Table 7 presents results from the Calakmul test and also compares the range resolution of the Titan with respect to the older-generation Gemini sensor. The results summarized in the
Table 7 show some significant trends. First, the values for the minimum separation between returns, while consistent with the theoretical minimum range resolution value (equivalent to half of the laser pulse width) can be outliers and have to be treated with caution. For this reason, first and third percentile measurements are reported. Second, irrespective of the minimum values, the separation between returns for the Gemini sensor increase as the PRF increases. These results are expected as the laser source for that system produces pulses with increasing width as the PRF is increased. Finally, from the last three columns that correspond to the results obtained from Titan data, it can be observed that while there is a small variation in the range resolution between the different channels, this variation is usually less than 10 cm in most cases and the range resolutions for channel 1 and channel 3 are almost the same.

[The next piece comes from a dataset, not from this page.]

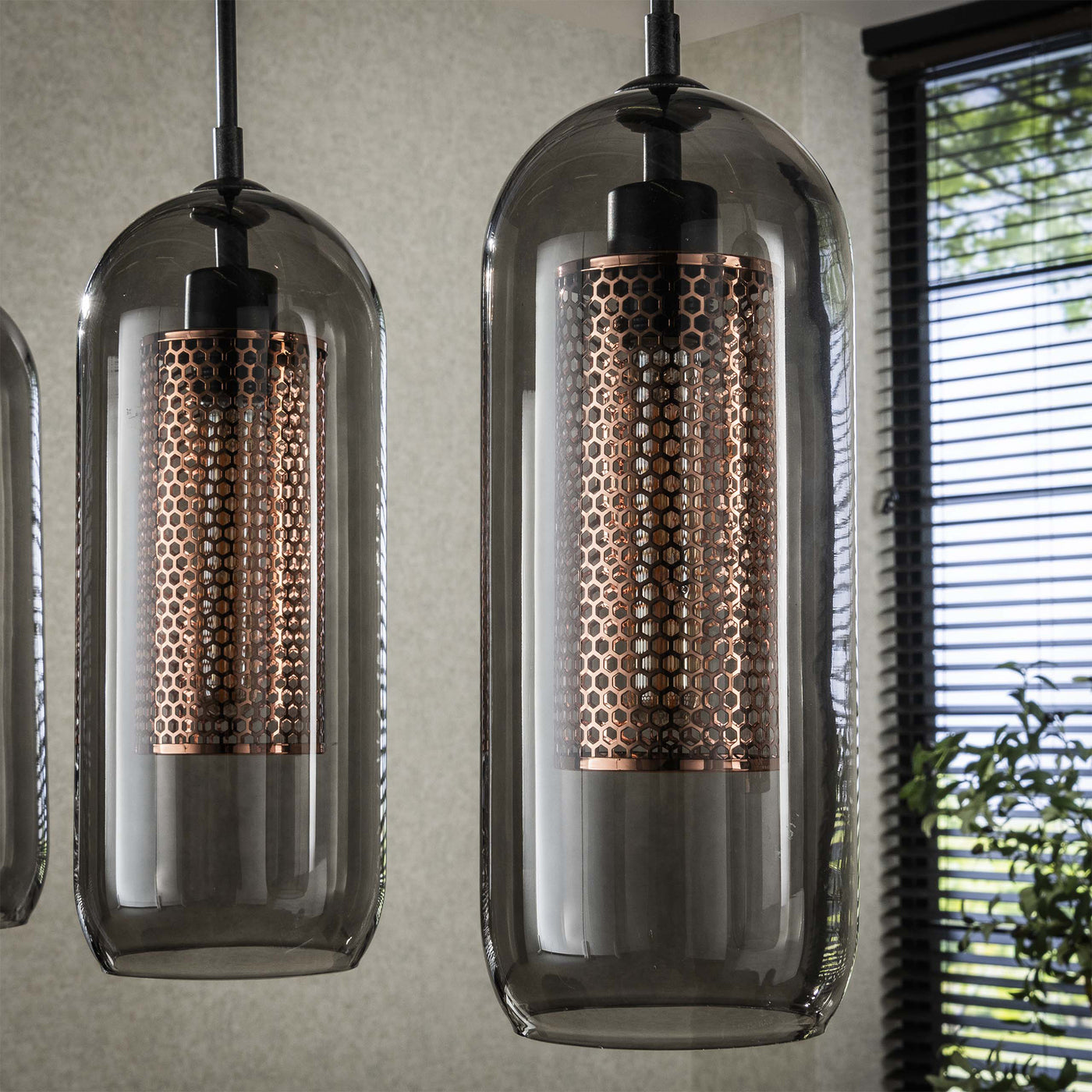 AYLI XL Suspension 4 lampes ajustables en verre fumé et métal noir 105x150 cm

Table 8 summarizes the results from the range resolution experiments conducted near Lamanai, Belize, which were aimed at assessing performance differences related to changing PRF values. Because results for all channels and all PRFs tested would not fit in the table below, only the results for channels 1 and 2 are presented, given that the range resolutions results for channel 1 and 3 have already been shown to be comparable (
Table 7). The most important conclusion that can be drawn from the data presented in
Table 8 is that the range resolution for the Titan system is not significantly affected by the selection of system PRF, which is different from the result for the Gemini sensor. Also, as noted from the data of the previous table, the variation between Titan channels is less than 10 cm in most cases.
A final crucial observation that can be made based on the results presented in both
Table 7 and
Table 8, particularly from the range resolution results of those pulses that produce more than three returns, is that as the system detects returns from deeper within the canopy, the range resolution is degraded. This would perhaps indicate that the ability to detect and discriminate closely spaced pulses is a function of the received signal strength.